15. Oktober 2017 - 22:45

es dauert, bis man berlin hinter sich gelassen hat, dann aber geschieht es. die stadt verschwindet einfach, ganz plötzlich. hinter dem durchgestrichenen gelben schild ist schluß, so einfach ist das. eine überraschung irgendwie.

zu lange habe ich die stadt nicht verlassen, und ich weiß nicht einmal warum eigentlich nicht. das fehlende geld vermutlich. die angst, in berlin doch irgendwie falsch zu sein, in einer ewigen schieflage gefangen. und das langsam vor sich hin verottende motorrad natürlich, mit dem ich mich zuletzt nicht einmal auf die winzigste reise hätte wagen mögen. selbst in der stadt war das fahren mehr und mehr ein wagnis. das hat sich nun schritt für schritt geändert.

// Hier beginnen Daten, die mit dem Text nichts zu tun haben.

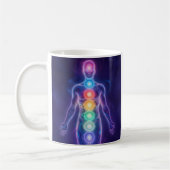  The 7 Chakras Koffiemok (Links)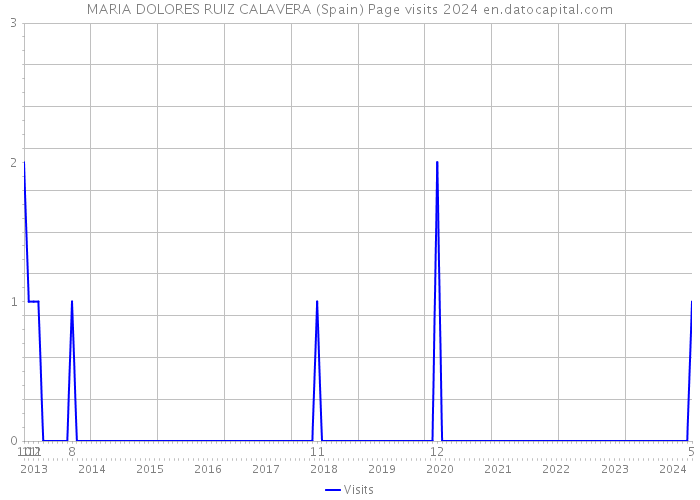 MARIA DOLORES RUIZ CALAVERA (Spain) Page visits 2024 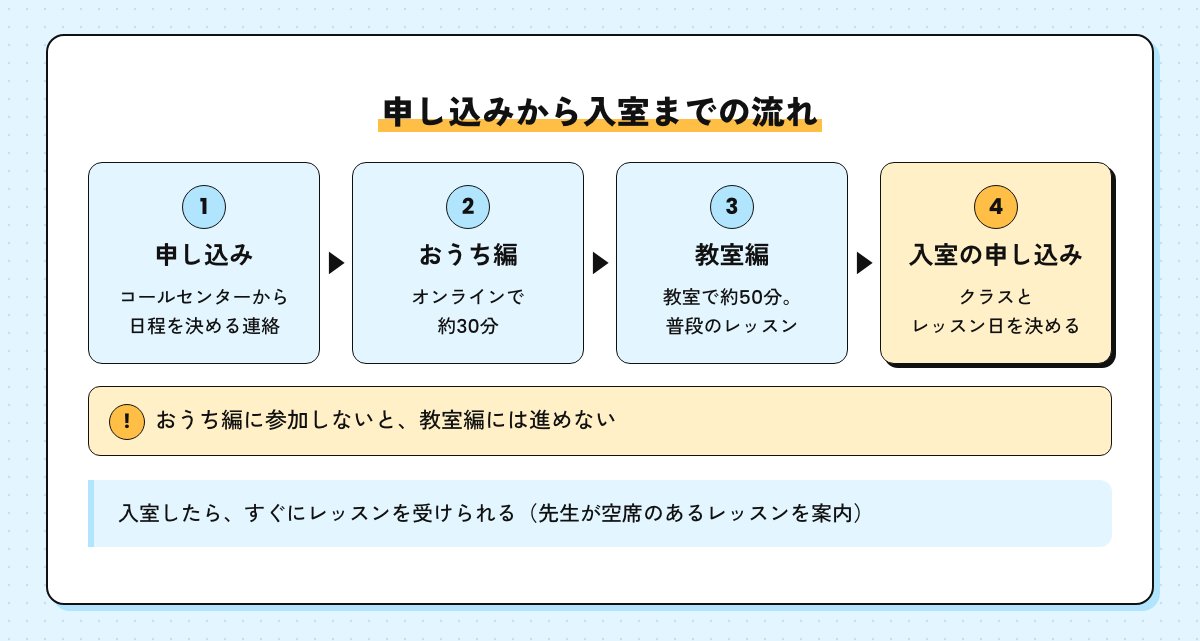 申し込みから入室までの流れの図。申し込み（コールセンターから日程の連絡）、おうち編（オンライン約30分）、教室編（約50分）、入室の申し込みの4段階。おうち編に参加しないと教室編に進めない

endlich ist der tank saniert und dreck, rost und wasser im sprit ein fluch der vergangenheit. die batterie ist auch neu, so hängt mir die maschine nicht mehr plötzlich irgendwo schlagartig totgestellt fest. in diesem jahr ist sie dann auch schöner geworden. neues licht vorn, gerade halterungen und kein gaffa tape mehr. blinker, die nicht ausschließlich mit isolierband gehalten werden. neue fußrasten mit vollständigen gummis, ein schalthebel, der nicht in den gelenken schlackert, lesbare tachoeinheit. sogar einen usb-anschluß hat die alte kiste – baujahr 86 – jetzt, wer hätte das gedacht. und eine navigationsgerät, das ist überhaupt das beste.

vor sechs oder sieben jahren habe ich so etwas zum ersten mal an einem motorrad gesehen. und fand es lächerlich, da bin ich ganz alte schule. motorrad fahren bedeutet karten lesen und strecken finden. dann strecken lernen, weil man beim fahren nicht auf die karten gucken kann, nicht einmal annähernd. eine ganz eigene konzentration also, ein ständiges rätseln und zweifeln. und immer wieder verfahren, ohne es zu merken mitunter. oder es zu spät zu bemerken, dann umdrehen müssen und alles wieder zurückfahren. wie anders das ist mit einem navi.

das muß ich noch lernen. wie der eigene geist, das wollen und entscheiden darin, mit der maschine zusammenspielen kann. oder eben nicht. auch kann ich distanzen in metern so überhaupt nicht abschätzen und fahre an abzweigungen gerne auch mal vorbei. (30 meter, jaja. so breit ist vielleicht die ganze kreuzung, jetzt am schreibtisch kann ich mir das vorstellen. aber vor ort.) toll ist es trotzdem, einfach so losfahren zu können. einfach so weiterfahren zu können, den eigenen weg, um dann später den vorgeschlagenen wieder aufzugreifen.

auch sonst bin ich aus der übung, wenn ich überhaupt je in übung war. ich fahre langsam, auch weil ich die brandenburger kiefern sehen will, wie sie einfach so im boden stecken. ich bin allerdings schon immer langsam gefahren, mein flow-tempo ist low. die kreisverkehre fahre ich im falschen gang an, muß dann schalten und tattere mich schließlich so durch. nicht gerade schön. ich könnte mir das schön reden und behaupten, daß ich eben die englischen roundabouts gewöhnt bin, die in die andere richtung gefahren werden. in und um wuppertal gibt es kaum welche, wenn ich mich recht erinnere. das wäre allerdings eine ausrede.

ich fahre schlecht derzeit. ich fahre mit angst, und ich fahre auf mich gerichtet, nicht nach vorn. das macht es nicht besser.

aber sie grüßen, alle. in berlin macht das kaum wer. da draußen tun es alle, sie schauen nicht auf die tatterigkeit oder die krumme, olle maschine. sie grüßen, weil man das so macht. und da waren viele heute.